By Connor D. Wolf
Critics from across the country Monday blocked traffic throughout Washington, D.C., to oppose the massive Trans-Pacific Partnership (TPP) trade deal recently finalized by President Barack Obama.
The trade deal is likely to have a significant impact on global trade. At roughly 39 percent of the world’s GDP, it is the largest regional trade deal in history.Negotiations began in 2010 and by the end included a total of 12 countries. It has, however, garnered considerable opposition. To show their opposition to the trade deal, protesters marched through Washington D.C. stopping periodically to block traffic and demonstrate.
“It’s over 29 chapters of text and only five pertain to trade,” Travis White told The Daily Caller News Foundation. “I don’t know if our congressmen will listen but we might get the people to notice.”
Capitol police were on hand throughout the march. While protesters did successfully block all lanes of traffic at times, police were able to keep at least one lane open during most stops.
Nevertheless, the demonstration caused considerable traffic congestion during the evening rush hour.
A main concern for critics is the way in which the deal was negotiated. Through much of the process the text of the deal remained a secret. It wasn’t released until after it was finalized.
Some believe the reason for this is because the true purpose of the deal is to benefit special interests and large corporations at the expense of ordinary people and the environment.
“We’re here protesting the TPP corporate giveaway,” Bob Gardiner noted to TheDCNF. “It’s longer than the Bible, no one knows what’s in it.”
The trade talks have caused a considerable rift between Obama and Democrat lawmakers. Democratic Sen. Elizabeth Warren and presidential candidate Bernie Sanders have been among those more adamantly opposed to the deal.
Critics have compared the deal to the North American Free Trade Agreement (NAFTA) which they claim resulted in many American jobs being lost.
“I’m concerned about all of it,” Carolina Griffith with Orlando Light Brigade told TheDCNF. “We’re trying to stop the erosion of what little we have left of the middle class.”
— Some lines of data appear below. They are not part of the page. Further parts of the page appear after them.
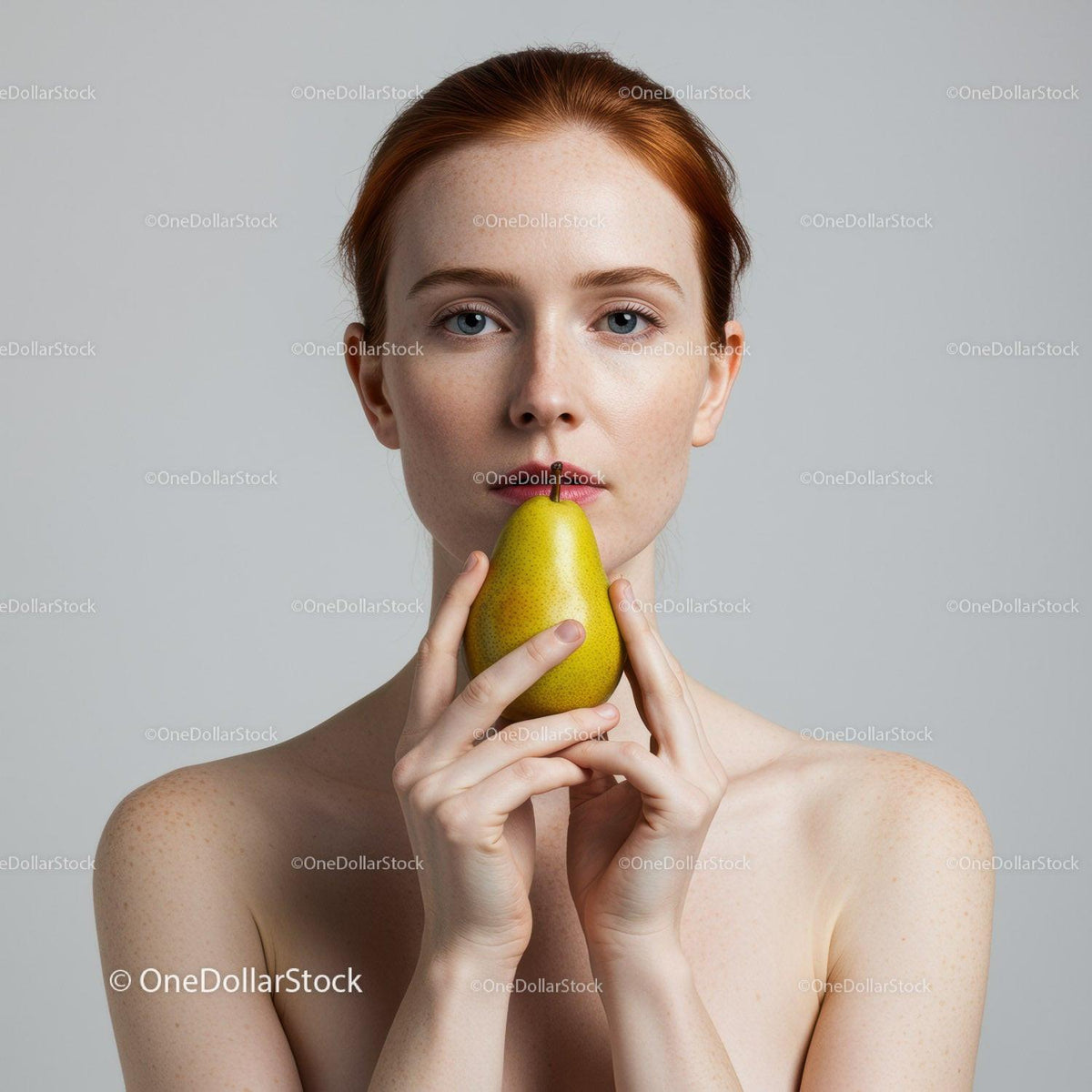 Elegant Woman Holding Yellow Pear in Minimalistic Portrait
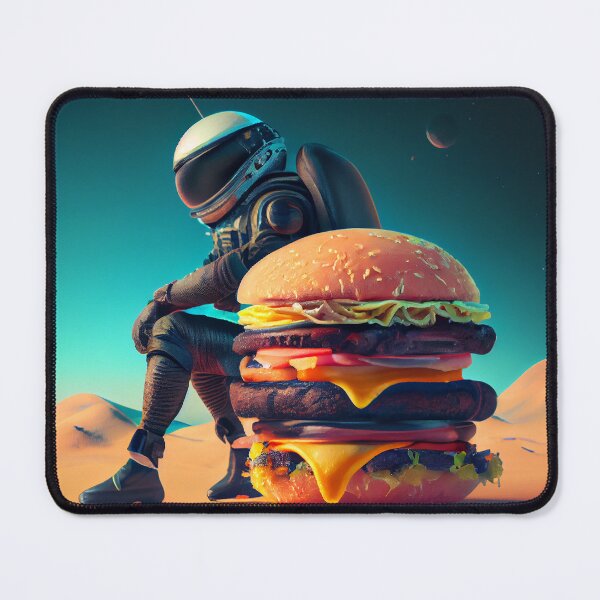 Item preview, Black spacesuit astronaut in a strange unknown planet with burger designed and sold by ladarkepoque.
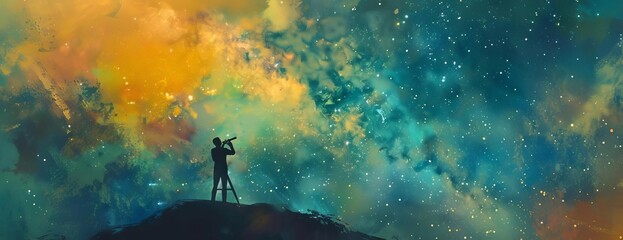 A man is looking through a telescope at a beautiful nebula in the night sky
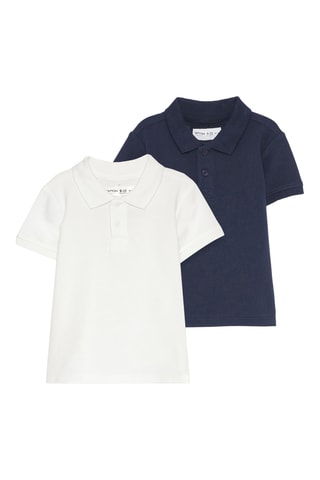 2 polo - Navy e bianco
Obama, though, has argued that deal could help fix many of the problems NAFTA caused. It is designed to gradually end thousands of import tariffs and other international trade barriers. It would also establish uniform rules for intellectual property, environment protections and open Internet access, even in communist Vietnam.
“I don’t think the media has done a good job discussing it because of Obama backing it,” John Michaels said to TheDCNF. “I think they tried to keep it quite.”
It will still need approval by Congress where is will likely face significant opposition.
Most Democrats and many Republicans oppose it. With the passage of Trade Promotion Authority (TPA), the trade deal has already managed to overcome a major challenge. Also known as fast-track, it was passed by Congress in June after a bitter fight in both the House and Senate. Fast-track allows the president to make trade deals with a straight up or down vote without amendment or filibuster.
“You’ll have a lot of liberals opposed to anything the Tea Party thinks on principal and support it because Obama does,” Michaels added.
The White House has argued on numerous occasions that the deal will help American workers. Obama has also countered critics who say the deal is being done in secret to mislead people. He noted the reason much the of deal wasn’t released was because it was still in the drafting phase and therefore didn’t actually exist yet.